Potential nanotherapeutic approach for Alzheimer's disease: in vitro clearance of beta-amyloid across the blood-brain barrier by multifunctional liposomes

The reduction of amyloid-beta peptides (Ab) is considered a primary therapeutic target to minimize the neurodegeneration in Alzheimer's disease (AD), a pathology characterized by accumulation of Ab in the brain. A possible strategy to reduce Ab levels is to exploit the peripheral-sink effect that is based on the removal of plasma Ab, drawing out soluble Ab from the brain. Objectives. The aim of the present study was to investigate the potential effect of multi-functional liposomes binding Ab on the peptide exchange across an in vitro model of the blood-brain barrier (BBB). Methods. Liposomes were prepared by extrusion procedure and bi-functionalized with phosphatidic acid and with a modified ApoE-derived peptide (mApoE-PA-LIP) for Ab binding.
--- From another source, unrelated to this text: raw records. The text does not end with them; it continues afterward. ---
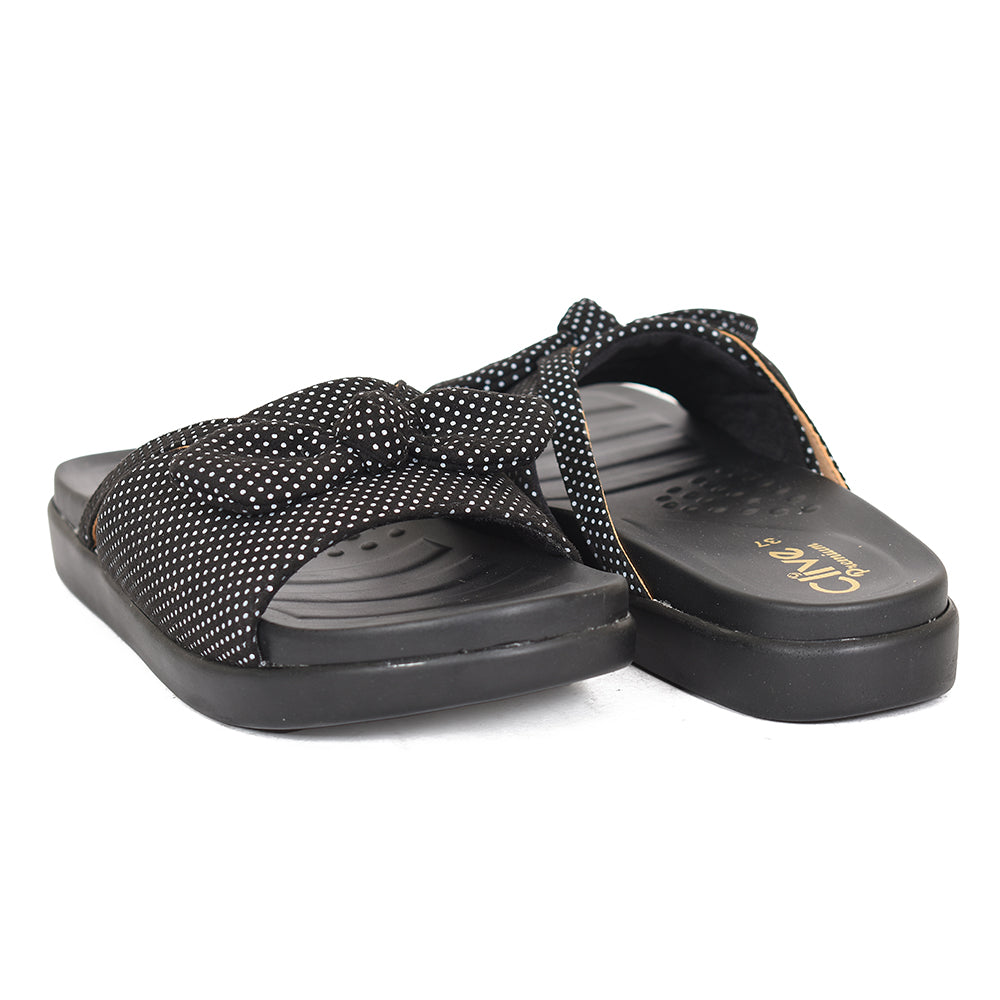 Casual PU Slipper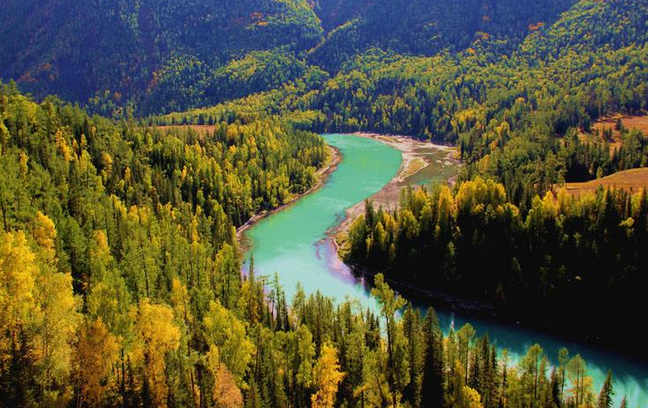 烏魯木齊、喀納斯、禾木、伊犁、羅布人村寨、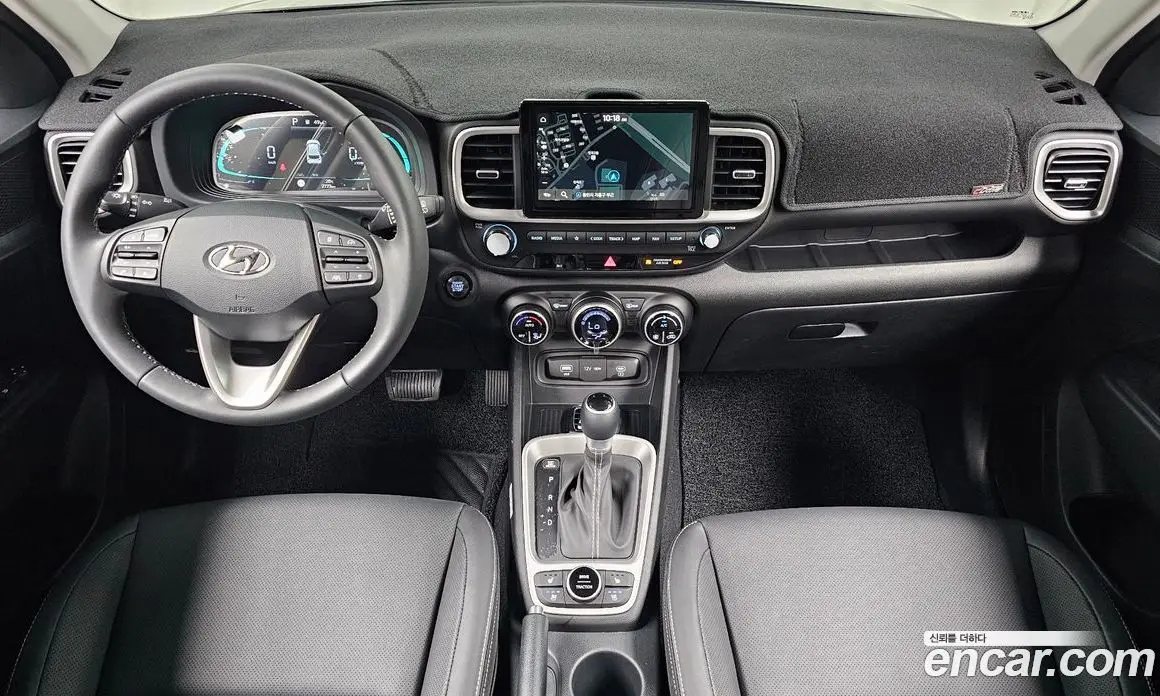 Hyundai Venue 2025 1.6 автомат (гидро), фото 10 Hyundai Venue 2025 1.6 автомат (гидро), фото 10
An in vitro BBB model made of human brain endothelial cells (hCMEC/D3) was set up on a transwell system and soluble small Ab42 assemblies were added to the basolateral compartment (brain side). The Ab translocation across the BBB was evaluated both alone or with mApoE-PA-LIP present in the apical compartment (blood side). Also the permeability of liposomes from basolateral-to-apical compartment in the presence of Ab was analyzed. Results. The presence of mApoE-PA-LIP strongly enhanced (5-fold) the basolateral-to-apical transcytosis of Ab across the BBB model, compared to the peptide alone, in a lipid dosedependent manner. Moreover, the transcytosis of Ab was due to a peripheral-sink effect since mApoE-PA-LIP were not able to transport the peptide across the cellular monolayer. Conclusions. This study provide a rationale for the use of Ab-binding particles as a potential therapeutic strategy for AD.